The University of Maine student newspaper since 1875
Sunday, April 19, 11:08 p.m.

Democrats and Republicans vie for youth vote with predictable tactics

At last week’s presidential nomination conventions, one thing was very clear amidst the acerbic accusations flung at bitter political rivals: Republicans and Democrats alike consider the youth vote crucial to winning the election. And while they both hold a common goal, much like the party platforms, their approaches to gaining that vote are very different.

Young people had found a representative in Libertarian maverick Ron Paul, but even the most hard-line zealots have to concede this point: Ron Paul is not going to get the Republican nomination. So how did the Republicans attract youth? With a lineup of the party’s youngest and hottest conservative stars including Nikki Haley, Mia Love and, of course, VP candidate Paul Ryan. Ryan, a fresh-faced 42-year-old, is exceptionally young to hold his party’s second-highest office. In his keynote speech, Ryan ripped into Obama’s promises, saying, “College graduates should not have to live out their 20s in their childhood bedrooms, staring up at fading Obama posters and wondering when they can move out and get going with life.” This statement reminds us of Obama’s promised hope and change. And what has changed is a skyrocketing youth unemployment rate of 24.6 percent, which leaves college students little to subsist on but the “hope” of 2008. The Republican National Convention reminded the youth that Obama has been in control for four years, and his best month of unemployment rating was even worse than Bush’s worst month. They asked, as you exited college — most likely saddled with debt — do you want a job or an unemployment check? They reminded us that Obama’s only answer to the stagnant economy is “I need more time.” Can you, as a student exiting college, really afford that? A simple message, but an effective one.
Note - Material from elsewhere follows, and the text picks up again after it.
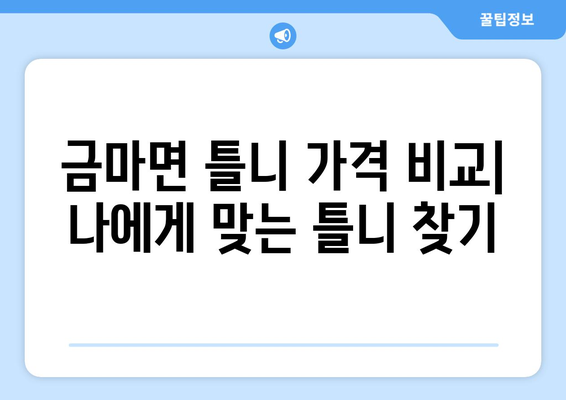 충청남도 홍성군 금마면 틀니 가격 정보| 믿을 수 있는 치과 찾기 | 틀니 가격 비교, 치과 추천, 틀니 종류, 가격 견적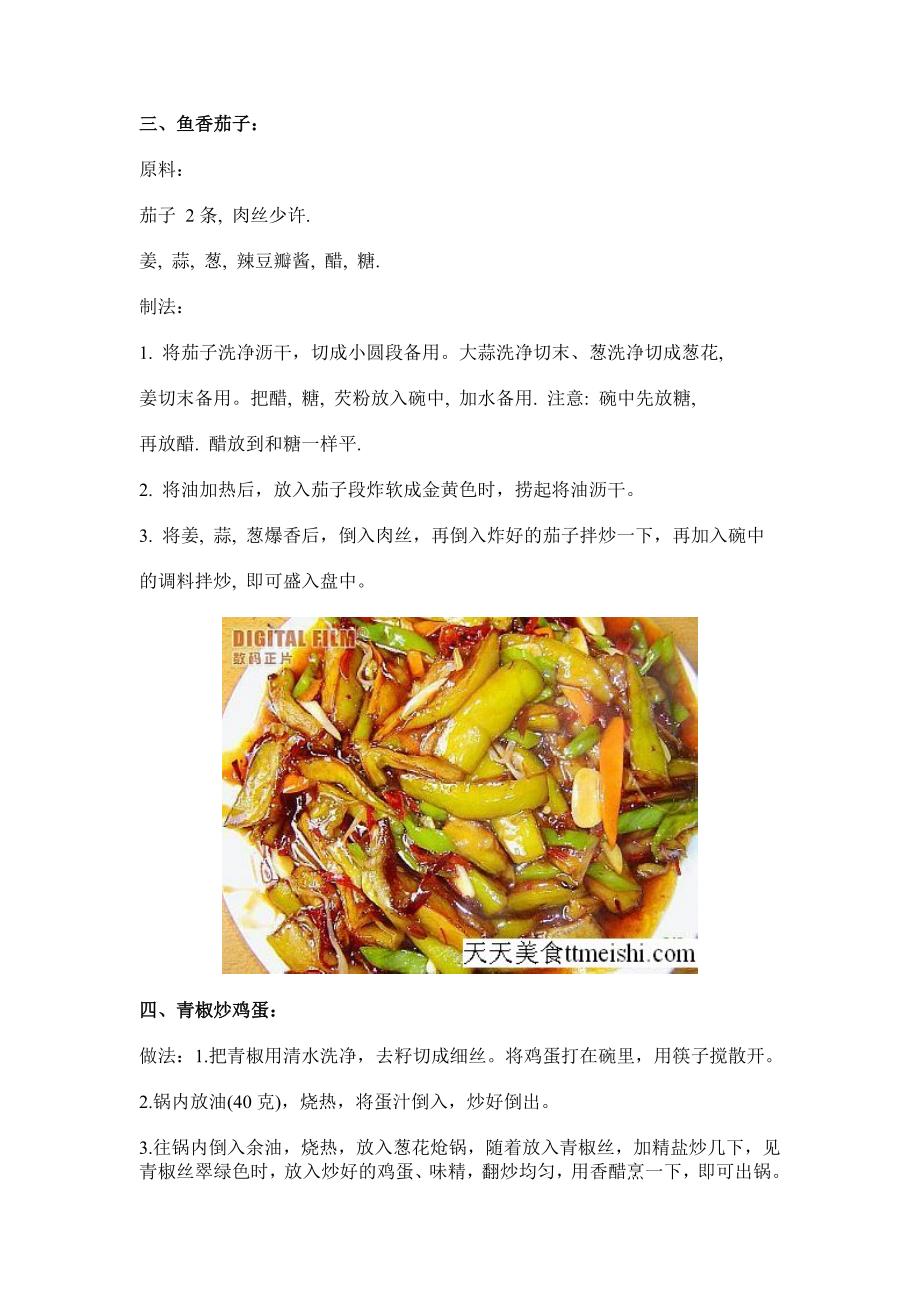 二十二种小炒让你做饭不再愁.doc_第2页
The strategy at the Democratic National Convention, although different from the RNC’s, wasn’t much different. There was a lot of the same message we’ve been hearing for months — to blame Republicans. Their great plan to aid the youth boils down to one major tool: using Congress to keep down student loan rates, even though this measure failed to pass through legislation in May. The answer at the DNC? Republican stall tactics. Yet, the Senate is controlled by the Democrats. Now it’s September and the party in Congress and the White House has failed to come up with a different plan. So, the DNC puts Michelle Obama on the podium to tell a heart-wrenching tale about how she and Barack struggled to pay the bills and their student loans as newlyweds. The point? Democrats want youth to believe that they’re just like us — they understand our travails. That’s why they need just a little more time. Well, sentiment and sympathy are great tools to energize the base, but they don’t help to pay the bills.

The truth is that they’re out of ideas. Granted, the Republican approach — the use of basic free market economics to jump-start the economy — is nothing new. However, it has worked before, under Ronald Reagan. And so far, Obama’s unemployment-reducing stimulus and emergency spending haven’t. That’s what makes the RNC messaging much more effective. It’s based on tried and true economic principles, not sympathetic appeals to the conscience or wheedling complaints about responsibility. And the numbers are beginning to reflect this. For the first time in the campaign, Romney has over 41 percent of the vote amongst voters aged 18 to 29, according to a recent poll from the Pew Research Center. Obviously, the ideology is wearing a little thin, and young voters are looking for results, not more empty promises.